Antonino Freno
freno

dii.unisi.it
http://www.dii.unisi.it/~freno/
JProGraM - PRObabilistic GRAphical Models in Java
Project Overview
JProGraM is an open-source Java library which can
be used for learning the following probabilistic models from data:
Bayesian networks, Markov random fields, hybrid random fields,
probabilistic decision trees, dependency networks, Gaussian mixture
models, and Parzen windows.
Along with learning algorithms, some simple inference methods are also
supported by JProGraM. JProGraM is free software: it is released under
the GNU General
Public License. It is not yet as polished as I would like it
to be, and there is no proper documentation, but it works pretty well,
and it should be especially useful for research purposes. If you would
like to contribute to the development of JProGraM, please contact me.
Some ideas for extending the project are listed below. The JProGraM
project is also hosted at SourceForge.net.
The source code of JProGraM can be downloaded
from here
(as a gzipped tarball). For convenience, the tarball also includes some
other open-source libraries that are called within JProGraM. In
particular, along with JProGraM you're going to download (parts of) WEKA,
JGraphT,
and the L-BFGS implementation provided by the RISO project.
The L-BFGS method is called by JProGraM using a wrapper written by Jacob
Eisenstein.
For more information concerning the models and
algorithms implemented by JProGraM, you can have a look at my Ph.D.

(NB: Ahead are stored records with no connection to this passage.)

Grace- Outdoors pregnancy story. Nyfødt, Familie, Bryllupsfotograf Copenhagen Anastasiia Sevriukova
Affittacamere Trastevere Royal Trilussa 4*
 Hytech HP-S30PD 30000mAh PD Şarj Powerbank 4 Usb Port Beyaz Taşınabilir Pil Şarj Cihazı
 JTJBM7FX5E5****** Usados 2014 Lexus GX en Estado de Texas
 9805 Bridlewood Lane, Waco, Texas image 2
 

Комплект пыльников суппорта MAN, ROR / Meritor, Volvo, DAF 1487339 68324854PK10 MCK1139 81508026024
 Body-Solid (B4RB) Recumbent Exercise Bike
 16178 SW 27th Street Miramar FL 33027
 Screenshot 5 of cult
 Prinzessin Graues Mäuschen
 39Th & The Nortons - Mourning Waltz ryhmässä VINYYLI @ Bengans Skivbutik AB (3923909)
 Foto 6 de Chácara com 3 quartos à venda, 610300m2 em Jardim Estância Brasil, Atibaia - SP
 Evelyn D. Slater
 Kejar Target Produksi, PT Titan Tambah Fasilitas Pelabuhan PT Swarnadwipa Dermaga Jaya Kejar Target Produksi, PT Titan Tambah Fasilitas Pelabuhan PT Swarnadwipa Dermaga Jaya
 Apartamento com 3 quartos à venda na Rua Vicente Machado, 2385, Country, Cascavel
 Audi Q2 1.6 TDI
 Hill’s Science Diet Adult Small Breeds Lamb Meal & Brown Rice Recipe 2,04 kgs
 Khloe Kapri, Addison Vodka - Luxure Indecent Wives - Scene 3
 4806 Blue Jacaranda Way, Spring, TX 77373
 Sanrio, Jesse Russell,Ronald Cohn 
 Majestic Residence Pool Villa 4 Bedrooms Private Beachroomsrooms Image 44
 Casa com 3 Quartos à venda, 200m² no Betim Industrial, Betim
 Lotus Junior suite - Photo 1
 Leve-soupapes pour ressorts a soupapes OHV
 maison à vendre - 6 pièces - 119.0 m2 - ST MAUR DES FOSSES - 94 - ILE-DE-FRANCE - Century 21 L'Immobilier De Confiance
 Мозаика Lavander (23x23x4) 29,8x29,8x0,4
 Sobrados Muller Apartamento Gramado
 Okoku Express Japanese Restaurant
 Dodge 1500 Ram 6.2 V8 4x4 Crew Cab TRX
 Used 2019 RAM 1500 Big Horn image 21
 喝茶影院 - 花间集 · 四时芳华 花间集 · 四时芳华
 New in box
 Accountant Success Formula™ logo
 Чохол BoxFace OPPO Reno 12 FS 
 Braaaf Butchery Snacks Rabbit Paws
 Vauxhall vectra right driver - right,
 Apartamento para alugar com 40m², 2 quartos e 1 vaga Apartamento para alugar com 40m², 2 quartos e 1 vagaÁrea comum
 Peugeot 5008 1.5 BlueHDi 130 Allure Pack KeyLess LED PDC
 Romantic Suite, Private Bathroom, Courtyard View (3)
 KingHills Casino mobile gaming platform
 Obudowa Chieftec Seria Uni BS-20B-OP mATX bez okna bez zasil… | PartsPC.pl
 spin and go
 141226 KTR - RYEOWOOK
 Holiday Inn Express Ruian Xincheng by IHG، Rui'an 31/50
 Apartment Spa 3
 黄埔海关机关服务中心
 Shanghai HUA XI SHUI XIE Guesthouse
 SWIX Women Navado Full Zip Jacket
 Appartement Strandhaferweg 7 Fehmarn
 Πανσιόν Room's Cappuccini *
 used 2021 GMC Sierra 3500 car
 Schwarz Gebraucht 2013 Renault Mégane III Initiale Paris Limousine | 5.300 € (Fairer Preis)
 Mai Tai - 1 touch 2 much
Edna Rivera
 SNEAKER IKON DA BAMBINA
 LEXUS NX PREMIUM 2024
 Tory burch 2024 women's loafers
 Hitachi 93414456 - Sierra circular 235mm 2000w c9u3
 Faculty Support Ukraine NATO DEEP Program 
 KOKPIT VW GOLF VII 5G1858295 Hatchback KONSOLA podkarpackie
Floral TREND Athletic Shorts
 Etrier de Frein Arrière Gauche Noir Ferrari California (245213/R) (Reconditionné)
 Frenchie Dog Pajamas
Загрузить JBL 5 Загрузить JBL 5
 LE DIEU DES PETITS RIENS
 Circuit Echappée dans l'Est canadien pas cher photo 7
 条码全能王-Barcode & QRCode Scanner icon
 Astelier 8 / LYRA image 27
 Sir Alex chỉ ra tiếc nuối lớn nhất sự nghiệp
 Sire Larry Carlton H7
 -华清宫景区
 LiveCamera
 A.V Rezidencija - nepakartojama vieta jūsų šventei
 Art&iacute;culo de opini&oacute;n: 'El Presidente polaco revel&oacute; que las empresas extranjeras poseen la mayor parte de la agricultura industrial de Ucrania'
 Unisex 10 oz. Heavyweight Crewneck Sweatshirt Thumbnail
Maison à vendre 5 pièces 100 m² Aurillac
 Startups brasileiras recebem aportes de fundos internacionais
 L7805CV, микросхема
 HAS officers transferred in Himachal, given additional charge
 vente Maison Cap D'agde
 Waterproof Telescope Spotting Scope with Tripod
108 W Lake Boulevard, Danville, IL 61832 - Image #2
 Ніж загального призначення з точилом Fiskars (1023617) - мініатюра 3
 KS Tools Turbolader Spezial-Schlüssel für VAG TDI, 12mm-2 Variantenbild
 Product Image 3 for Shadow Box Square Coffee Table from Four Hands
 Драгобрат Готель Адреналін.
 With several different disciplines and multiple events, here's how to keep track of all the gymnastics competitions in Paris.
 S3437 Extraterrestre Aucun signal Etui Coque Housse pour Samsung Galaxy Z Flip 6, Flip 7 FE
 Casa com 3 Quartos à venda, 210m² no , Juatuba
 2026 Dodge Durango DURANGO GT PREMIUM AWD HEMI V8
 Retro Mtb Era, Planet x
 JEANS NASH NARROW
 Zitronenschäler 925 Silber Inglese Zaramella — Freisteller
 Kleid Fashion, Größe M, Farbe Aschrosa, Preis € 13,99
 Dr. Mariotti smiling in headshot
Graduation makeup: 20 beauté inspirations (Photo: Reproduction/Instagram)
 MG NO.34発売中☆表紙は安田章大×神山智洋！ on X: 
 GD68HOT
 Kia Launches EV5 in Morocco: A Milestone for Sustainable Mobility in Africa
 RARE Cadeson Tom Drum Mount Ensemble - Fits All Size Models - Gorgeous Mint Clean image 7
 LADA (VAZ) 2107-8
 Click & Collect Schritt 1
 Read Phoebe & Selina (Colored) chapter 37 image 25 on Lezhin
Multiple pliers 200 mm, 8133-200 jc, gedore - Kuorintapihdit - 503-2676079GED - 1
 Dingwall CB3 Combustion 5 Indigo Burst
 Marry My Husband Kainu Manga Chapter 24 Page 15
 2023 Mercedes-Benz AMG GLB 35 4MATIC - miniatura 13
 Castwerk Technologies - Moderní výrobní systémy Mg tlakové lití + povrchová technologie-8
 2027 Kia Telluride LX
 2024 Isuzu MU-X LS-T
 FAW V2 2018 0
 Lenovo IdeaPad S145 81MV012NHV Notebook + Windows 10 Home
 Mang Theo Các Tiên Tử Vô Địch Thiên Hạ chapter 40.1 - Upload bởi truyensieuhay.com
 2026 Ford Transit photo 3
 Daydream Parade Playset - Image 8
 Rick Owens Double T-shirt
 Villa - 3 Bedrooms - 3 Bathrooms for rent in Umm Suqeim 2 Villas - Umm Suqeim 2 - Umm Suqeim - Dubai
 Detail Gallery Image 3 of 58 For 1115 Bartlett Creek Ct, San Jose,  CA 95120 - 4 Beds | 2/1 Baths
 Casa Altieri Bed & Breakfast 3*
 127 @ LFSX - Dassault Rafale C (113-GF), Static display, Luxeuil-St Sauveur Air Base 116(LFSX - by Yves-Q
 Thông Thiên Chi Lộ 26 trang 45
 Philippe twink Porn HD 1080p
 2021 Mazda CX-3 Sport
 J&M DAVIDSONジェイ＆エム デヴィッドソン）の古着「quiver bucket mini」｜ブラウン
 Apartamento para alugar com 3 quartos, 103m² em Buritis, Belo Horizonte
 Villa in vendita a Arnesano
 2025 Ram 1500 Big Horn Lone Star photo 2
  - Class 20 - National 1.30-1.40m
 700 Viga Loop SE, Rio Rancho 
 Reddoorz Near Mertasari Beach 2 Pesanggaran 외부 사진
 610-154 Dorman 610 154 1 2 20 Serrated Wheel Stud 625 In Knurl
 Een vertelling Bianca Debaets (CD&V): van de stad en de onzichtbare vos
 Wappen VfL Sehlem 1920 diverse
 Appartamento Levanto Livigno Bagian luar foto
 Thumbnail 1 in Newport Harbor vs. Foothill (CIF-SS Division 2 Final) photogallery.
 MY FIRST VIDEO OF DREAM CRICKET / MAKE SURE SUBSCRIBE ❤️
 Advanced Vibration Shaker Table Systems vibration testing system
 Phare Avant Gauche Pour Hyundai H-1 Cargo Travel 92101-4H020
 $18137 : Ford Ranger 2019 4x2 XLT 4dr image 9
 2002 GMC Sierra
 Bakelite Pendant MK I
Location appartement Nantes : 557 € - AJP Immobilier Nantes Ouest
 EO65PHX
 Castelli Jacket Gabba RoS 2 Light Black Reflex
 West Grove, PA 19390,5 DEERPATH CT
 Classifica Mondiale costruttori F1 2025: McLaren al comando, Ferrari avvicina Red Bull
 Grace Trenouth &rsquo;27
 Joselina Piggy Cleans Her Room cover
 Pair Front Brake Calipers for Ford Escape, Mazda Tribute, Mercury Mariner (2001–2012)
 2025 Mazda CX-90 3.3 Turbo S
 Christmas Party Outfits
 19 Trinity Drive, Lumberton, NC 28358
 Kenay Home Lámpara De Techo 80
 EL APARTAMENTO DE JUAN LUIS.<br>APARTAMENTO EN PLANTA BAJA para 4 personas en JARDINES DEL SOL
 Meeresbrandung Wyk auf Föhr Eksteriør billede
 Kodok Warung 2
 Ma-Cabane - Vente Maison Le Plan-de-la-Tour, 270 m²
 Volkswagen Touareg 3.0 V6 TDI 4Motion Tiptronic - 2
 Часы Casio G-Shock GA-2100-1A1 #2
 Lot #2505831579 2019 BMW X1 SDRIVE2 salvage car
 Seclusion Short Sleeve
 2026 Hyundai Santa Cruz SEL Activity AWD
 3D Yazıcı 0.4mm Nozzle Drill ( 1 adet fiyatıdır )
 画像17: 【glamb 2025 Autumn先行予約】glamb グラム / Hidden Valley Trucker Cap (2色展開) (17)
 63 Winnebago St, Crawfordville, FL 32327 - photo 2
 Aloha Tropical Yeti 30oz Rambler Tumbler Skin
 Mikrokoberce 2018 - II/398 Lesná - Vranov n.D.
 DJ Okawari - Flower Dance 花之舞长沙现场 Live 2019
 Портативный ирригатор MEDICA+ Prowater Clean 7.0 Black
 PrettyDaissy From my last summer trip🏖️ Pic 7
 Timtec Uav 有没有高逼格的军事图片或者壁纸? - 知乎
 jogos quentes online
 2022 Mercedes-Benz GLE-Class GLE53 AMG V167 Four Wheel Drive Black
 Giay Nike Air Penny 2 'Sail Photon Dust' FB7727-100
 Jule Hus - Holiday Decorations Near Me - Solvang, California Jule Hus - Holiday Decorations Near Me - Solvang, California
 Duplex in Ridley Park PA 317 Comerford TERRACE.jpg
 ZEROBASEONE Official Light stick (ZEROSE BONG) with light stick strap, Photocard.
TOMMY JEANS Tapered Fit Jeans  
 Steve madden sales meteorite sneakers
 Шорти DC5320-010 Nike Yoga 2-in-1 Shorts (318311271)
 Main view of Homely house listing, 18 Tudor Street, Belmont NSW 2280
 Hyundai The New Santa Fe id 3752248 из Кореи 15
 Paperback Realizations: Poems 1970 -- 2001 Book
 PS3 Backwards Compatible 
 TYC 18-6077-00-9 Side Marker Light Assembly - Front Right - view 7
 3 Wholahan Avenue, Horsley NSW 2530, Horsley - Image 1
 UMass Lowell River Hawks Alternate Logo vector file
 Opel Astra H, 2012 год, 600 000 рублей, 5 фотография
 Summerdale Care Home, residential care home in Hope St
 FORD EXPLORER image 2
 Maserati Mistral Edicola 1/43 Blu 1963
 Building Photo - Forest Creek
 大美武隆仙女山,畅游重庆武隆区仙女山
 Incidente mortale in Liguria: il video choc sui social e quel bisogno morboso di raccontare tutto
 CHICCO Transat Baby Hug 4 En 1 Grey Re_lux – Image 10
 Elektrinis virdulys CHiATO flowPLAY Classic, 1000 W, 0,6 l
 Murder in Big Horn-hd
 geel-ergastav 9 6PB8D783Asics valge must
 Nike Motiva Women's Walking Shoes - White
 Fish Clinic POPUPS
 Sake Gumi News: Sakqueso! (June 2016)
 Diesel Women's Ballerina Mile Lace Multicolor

dissertation. If you want to refer to JProGraM in a publication, please
refer to my dissertation (BibTeX)
and/or to this website.
Project Ideas
- Higher-priority projects:
- Graphical user interface.
Creating a GUI for JProGraM would be an excellent way of making the
library also usable as a stand-alone application for statistical
machine learning. Also, in order for a GUI to work smoothly, it is
necessary to standardize the format of the datasets used by JProGraM's
learning algorithms, since training sets are currently not represented
uniformly across the implemented algorithms.
- Command line interface.
Creating a CLI for JProGraM would be another way of making the library
also usable as a stand-alone application for statistical machine
learning. Moreover, it is necessary to standardize the format of the
datasets used by JProGraM's learning algorithms, since training sets
are currently not represented uniformly across the implemented
algorithms.
- Lower-priority projects:
- Inference algorithms.
Currently, Markov chain Monte Carlo (in particular Gibbs sampling) is
the only inference algorithm supported by JProGraM. Implementing more
inference methods (e.g. belief propagation techniques) would be very
useful.
- Learning algorithms.
Adding more structure/parameter learning algorithms for Bayesian
networks and Markov random fields would be great (both in terms of
search algorithms and scoring functions).
- Continuous domains.
Adding support for learning/inference in continuous domains would be
great, e.g. by implementing Gaussian Bayesian networks.